Would the approx 3/8th inch thick white polyethylene plastic used in cutting boards be suitable for using to make the center insulators and end insulators for homemade dipole antennas?? If so the price is really right - FREE (if you re-purpose older cutting boards that need replacing anyway).


----------



## illinoisguy (Sep 4, 2011)

Super. Should work great. I made several dipoles using something similar.


----------



## DYngbld (Jun 16, 2009)

Don't see why it wouldn't work like a champ.


----------



## Space Cowboy (Apr 26, 2008)

The engineer in me would say double it up, but sounds great!

SC


----------



## PNP Katahdins (Oct 28, 2008)

We use pieces cut from old 5-gallon plastic buckets. Same idea. Put several holes in each one and thread the wire and tie-off rope through to spread the load. Ditto with the center piece. Lots of wire dipoles stored here for contesting and Field Day use.

73 de Peg


----------



## BillHoo (Mar 16, 2005)

In an Army Survival Course I took a lifetime ago, we used the plastic spoons from field rations as insulators for antennas made from WD-1 "commo" wire or "field wire" and bamboo rods - the little white plastic spoons, not the longer brown plastic spoons used in MREs today.

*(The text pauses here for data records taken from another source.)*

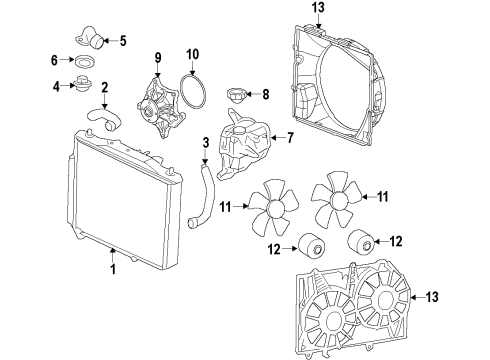 2008 Cadillac CTS Fan Blade Diagram for 25720201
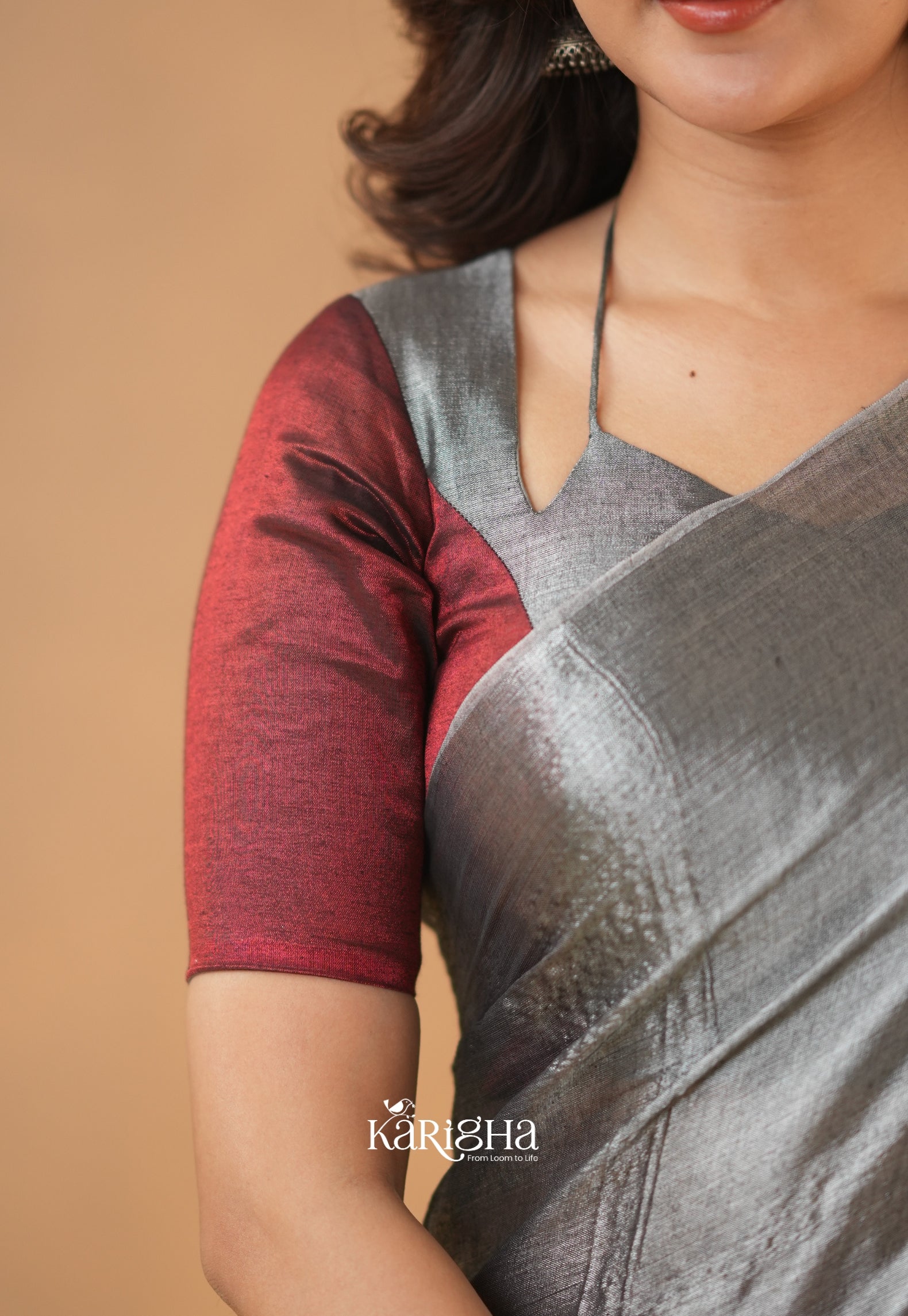 Dual Majesty – Tissue Cotton Saree with Striking Contrast Flow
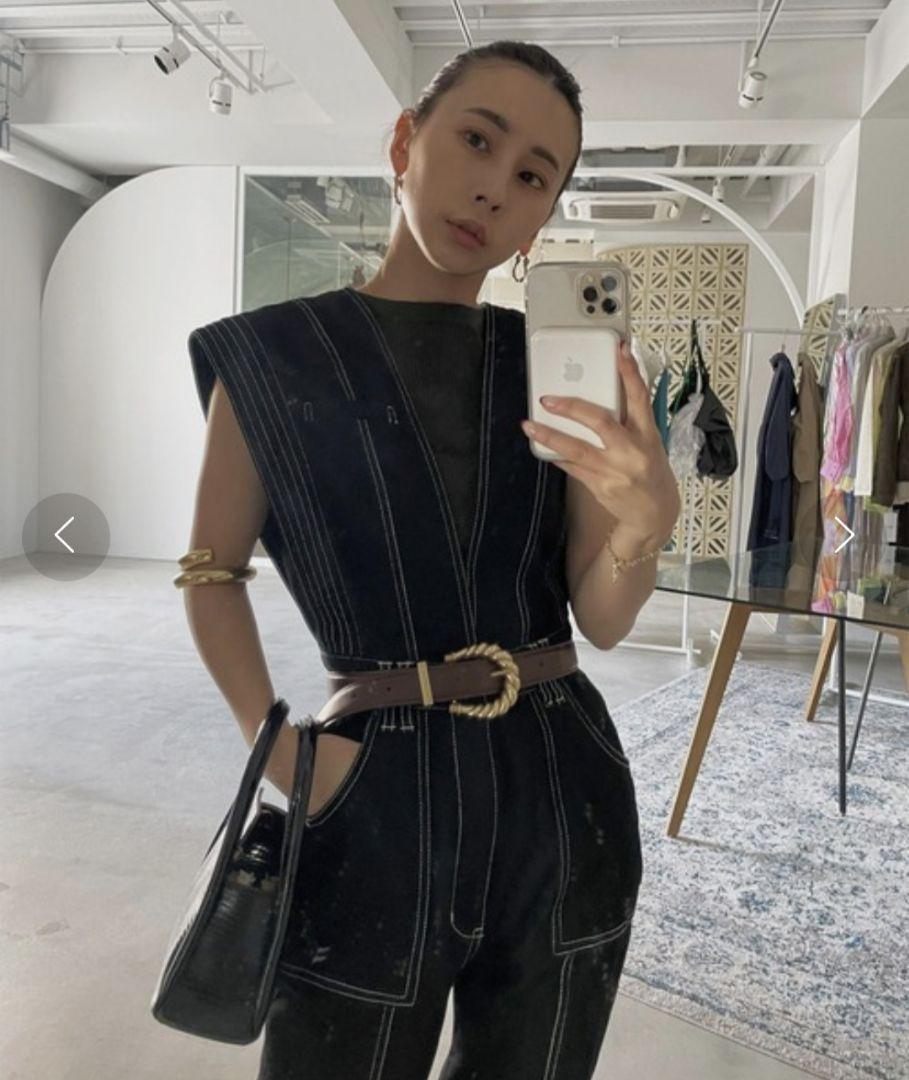 Ameri V NECK DENIM JUMPSUIT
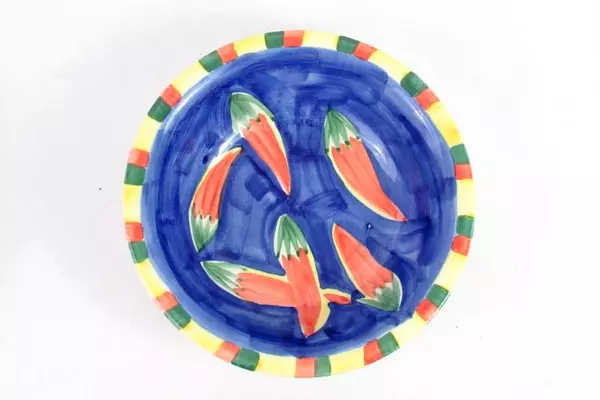 Lot of 5 Blue Chili Peppers Soup Or Cereal Bowls Hand Painted Emerald Collection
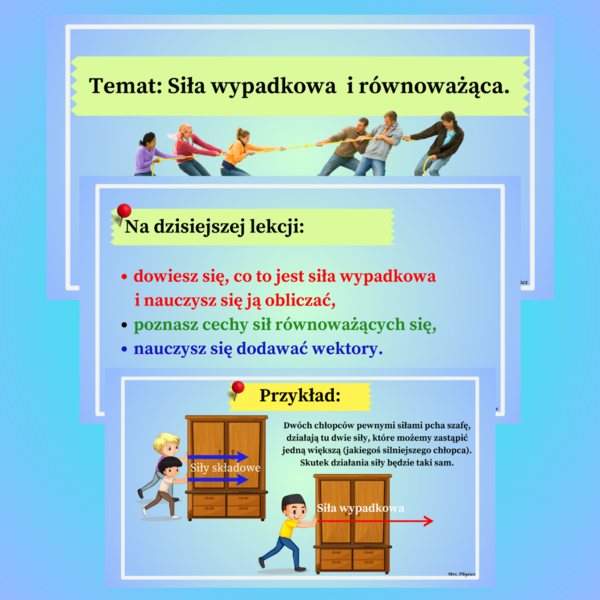 Siła wypadkowa i równoważąca -SP -prezentacja multimedialna 13 slajdów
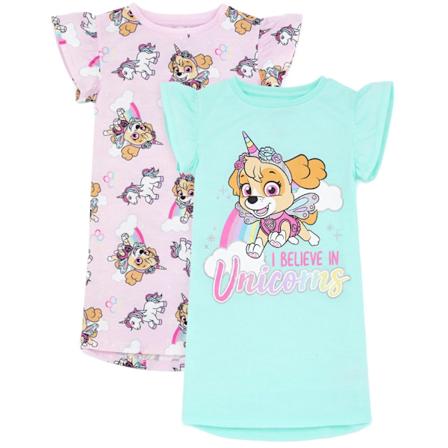Paw Patrol Girls Skye Unicorn Nattlinne (2-pack) 6-7 år Rosa/Blå Pink/Blue 6-7 Years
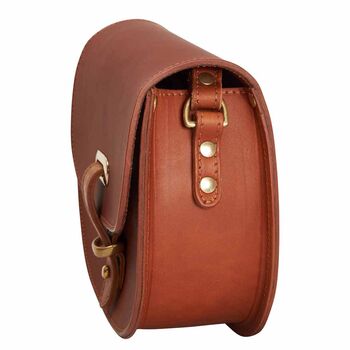 Mini Handmade Luxury Leather Saddle Bag, 4 of 9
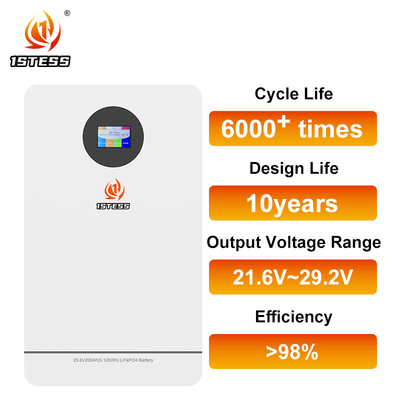 25.6V 51.2V 200Ah 5.12Kwh 10.24Kwh Lifepo4 Strom an der Wand montierte Solarenergiesysteme für Haushalte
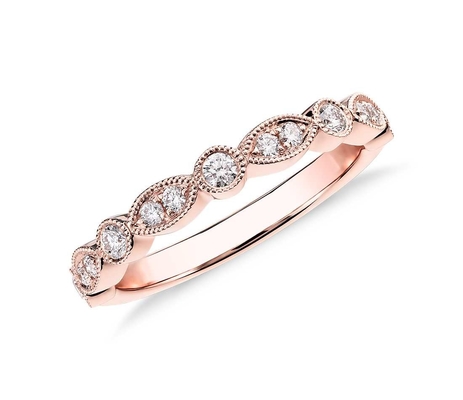 Rose Gold Jewelry 14K natürlicher Diamond Engagement Ring Round Cut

I suppose the brown spoons could also be used, but I have not utilized them in that way, so I cannot attest to their effectiveness.

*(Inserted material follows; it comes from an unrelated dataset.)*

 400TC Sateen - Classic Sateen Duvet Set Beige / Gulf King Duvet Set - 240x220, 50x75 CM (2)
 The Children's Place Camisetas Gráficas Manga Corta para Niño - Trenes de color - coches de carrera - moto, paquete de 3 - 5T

Holes can be drilled into the plastic easily with the sharp tip of a knife.

If that can be used, I say cutting board plastic sould be used as well.


----------



## Gary in ohio (May 11, 2002)

That will work...


----------



## radiofish (Mar 30, 2007)

Here is a site, that gives other ideas for home brewed antenna insulators from discarded materials. 

$4 SPECIAL

In the past while camping for work - I even used the handles from a couple of broken plastic spoons/ forks, as an insulator for an end fed wire. I had heated a discarded nail over a campfire, in order to melt a hole in the ends, and it worked like a champ.


----------



## YuccaFlatsRanch (May 3, 2004)

Good article - suitably irreverent for Homesteadingtoday.com. I think I will use my old plastic cutting board that needs replacing due to uncleanable knife cuts in it after all. The cost is surely right - it didn't cost more than about $5.99 when new and it will make 10-12 end insulators and a couple of center mounts. How far wrong can I go with that?? In fact since I am going to help construct antennas for Field Day next Friday, I think I will take a hand full along to see what the others think of them.


----------



## NoClue (Jan 22, 2007)

I've always just used nylon zip ties for my insulators. Never had a cutting board to spare.


----------